Nick Cave & John Hillcoat’s The Proposition
The Violence of History
Writer: Tim PorterFeatures, Issue 21, Published online on 24 May 2006 Page 1 of 3 Next >
(Above [L-R]: Nick Cave and John Hillcoat)
Nick Cave’s music has always had a cinematic flair. The novelist and poet textures his obsession with love, violence and religion with literary allusions, vivid detail, complex moods and a strong sense of storytelling. After the breakup of his first band, influential punk/goth outfit The Birthday Party, Cave started a film script that became his first novel, And the Ass Saw the Angel. He made his major-motion-picture debut when Wim Wenders recruited him and his band, The Bad Seeds, for a live performance in Wings of Desire (The macabre songwriter’s music continued to appear in future Wenders films). Cave later played Brad Pitt’s rocker muse in Johnny Suede and starred in John Hillcoat’s Ghosts… of the Civil Dead. The Australian-born musician also scored Hillcoat’s To Have and to Hold, and he now re-teams with the director as screenwriter for The Proposition.
This new film begins with a shootout and the immediate capture of two brothers wanted for rape and murder. Arthur, the psychotic third brother and presumed ringleader, escapes. The captain then offers middle-brother Charlie (Guy Pearce) the chance to save his younger brother from the gallows by tracking and killing Arthur. The rest of the story unfolds in the wake of this moral dilemma, framed by the harsh landscape of the 1880s Australian outback.
When The Proposition debuted at the Toronto International Film Festival last year, Paste sat down with Cave, Hillcoat and Pearce to discuss the project, albeit after a minor tangent.
NICK CAVE: I read your magazine on the toilet this morning. [Laughter around the room]. It’s rather good, actually. In fact, I was reading this article [Andy Whitman’s “Listening to Old Voices” column, Paste #17]. Is this Shawn Phillips any good? … Anyway, fire away.

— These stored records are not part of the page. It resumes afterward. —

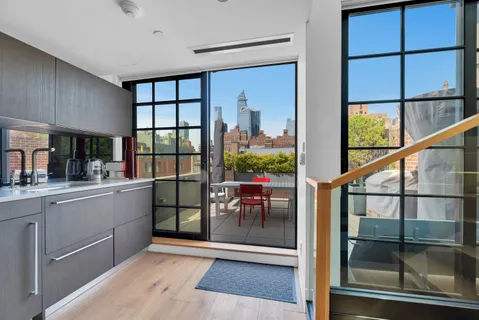 a view of a kitchen with a window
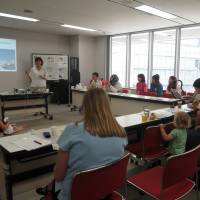 Kimura hosts a disaster-preparedness workshop in English in Tokyo in June 2013. | COURTESY OF WANAVI JAPAN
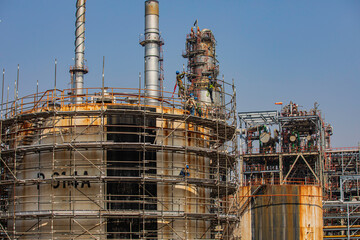 Construction workers installing scaffolding storage tank Oil​ refinery​ and​ plant and tower column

PASTE: John, I know you wanted to develop an old Western transplanted to Australia.
JOHN HILLCOAT: It’s something that I wanted to do back in film school, since I was a teenager. The basic ingredients are something that covered the real Outback, the landscape and the Aboriginal people and the conflict with the Empire. It was something that I hadn’t really seen. So I tried to develop it and went down some other avenues that didn’t work out. And Nick always spoke to me about doing music. And he was getting very impatient. He’s a very prolific man, and I’m the opposite, very unprolific. So I said well, ‘Why don’t you try writing it then?’ What we were mutually a bit anxious about was dialogue. I was never worried about a great story coming out of Nick. And once he started, we didn’t have to bring in any dialogue writers after all. He found his true calling, at long last. I know he went off on some of this music and other stuff but…[laughter] Nick, when are you announcing your retirement from the music business?
GUY PEARCE: If you actually announce your retirement from music, suddenly all your record sales go up, and then you go back to it…
JH: But the script was written in what, three-and-a-half weeks?
NC: Three weeks. With half a week trying to work out how to turn the computer on.